Frequency response of the measured and modelled transfer functions (solid lines) and the error \(\varepsilon _{r}\) (dash-dotted lines) of different model orders for scenario D1 at the centremost location in the source and receiver plane

Fig. 10
figure 10

RMS-averaged impulse response of the data and error systems for different model orders

The potential benefit for model compression and real-time application is showcased in Table 6 in which the required memory and computational cost in Mega Floating Point Operations (MFLOPs) is listed alongside the relative approximation error

$$\begin{aligned} \hat{\varepsilon }_r=10\log _{10}\left( {\frac{\sum _{t=1}^{n_{\textrm{d}}}\left\| h(t)-C_rA_r^{t-1}B_r\right\| _{F}^2}{\sum _{t=1}^{n_{\textrm{d}}}\left\| h(t)\right\| _{F}^{2}}}\right) . \end{aligned}$$
(30)

In order to compare the cost of solving (22) with the state-space approach over the convolution sum in (21), the memory demand and computational cost of the Uniformly Partitioned Overlap-save (UPOLS) method [94] are also listedFootnote 2. The UPOLS method and the variants described in [94] are well-established and solve (21) via spectral multiplication of overlapping blocks of signals. It can be seen that the reduced order models are more memory efficient than the UPOLS method by factors between \(5-30\). A computational speedup for real-time simulation over the UPOLS method by factors between roughly \(1.3-3.9\) can be achieved for all models if the models are transformed into so-called modal or (quasi-)diagonal form which can be achieved via an eigenvalue decomposition of \(A_r\). Details on the transformation can be found in [83].

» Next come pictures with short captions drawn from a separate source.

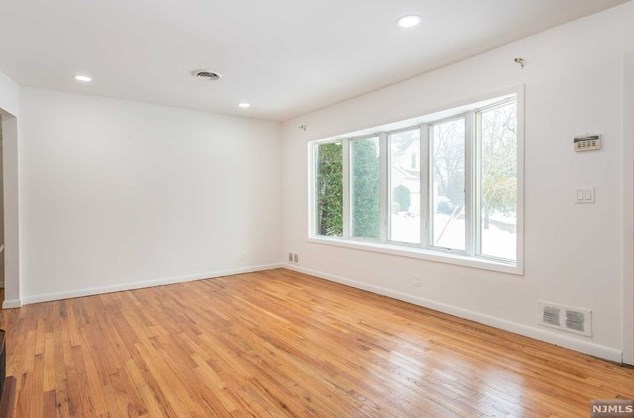 686 Victoria Ave, Paramus NJ  07652-1944 exterior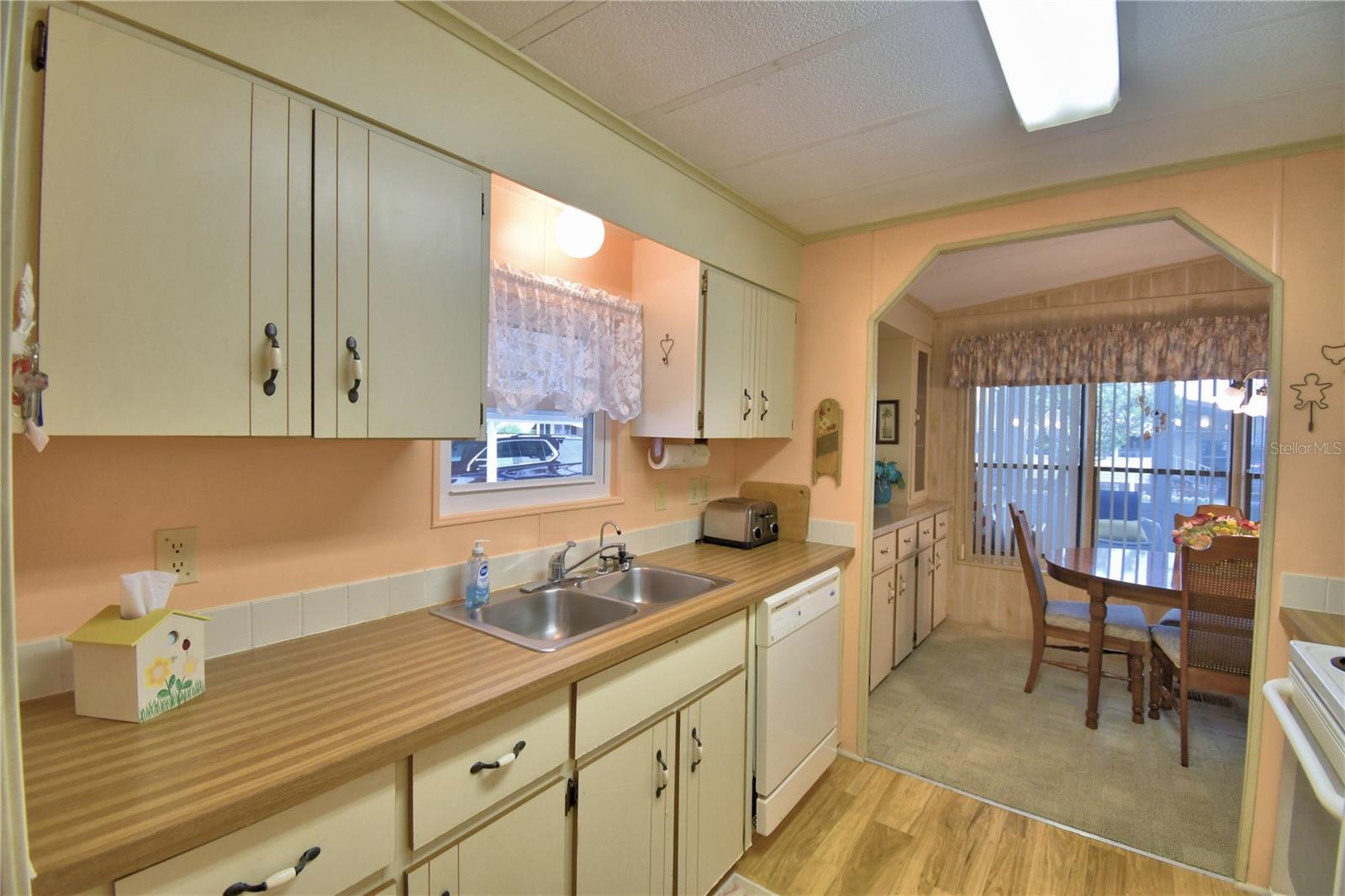 Image 10 of 65 For 4530 Redwood Street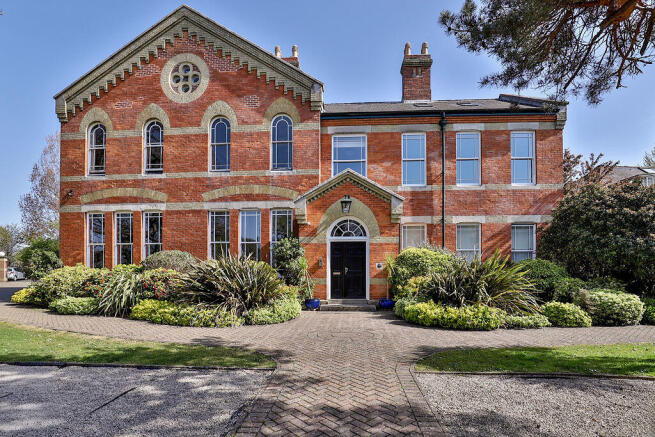 3 bed property, in Dragoon Way, £495,000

Table 6 Memory demand in MB, computational cost in MFLOPs, and approximation error \(\hat{\varepsilon }_r\) according to (30) for the UPOLS method with block-size \(B=64\) and \(P=16\) filter partitions and the reduced order models in different state-space representations. \(\square\): standard form, \(\diagdown\): (quasi-) diagonal form

5 Conclusion

A publicly available large-scale RIR dataset of 856,128 single-channel impulse responses has been presented, which is particularly suited for applications in the field of microphone array signal processing and sound field reconstruction because of the dense spatial sampling of the receiver and source spaces. To the authors’ knowledge, the MIRACLE dataset is the largest openly available RIR dataset yet.

The measured data have been shown to be spatially accurate and therefore provide an excellent basis for the development and statistical evaluation of data-driven modelling methods in acoustical engineering. The relevance, versatility, and applicability of the MIRACLE dataset have been demonstrated by means of two timely and diverging application examples.

In contrast to existing datasets, the MIRACLE dataset exhibits a notable limitation in environmental diversity, primarily constrained to free-field sound propagation scenarios with and without specular reflection. While the characteristics of the source and receiver predominantly shape the impulse response representation, enhancing environmental variability may be feasible through a semi-synthetic approach. This involves synthesizing corresponding RIRs and integrating them with the measured RIRs. To enrich the dataset, it is envisaged that the dataset will be extended in the near future by similar measurements of reverberant rooms. A persistent challenge lies in calibrating the source positions with comparable precision, mainly due to the diminished reliability of beamforming in reverberant environments. Addressing this challenge and broadening the dataset will be the focus of a forthcoming publication.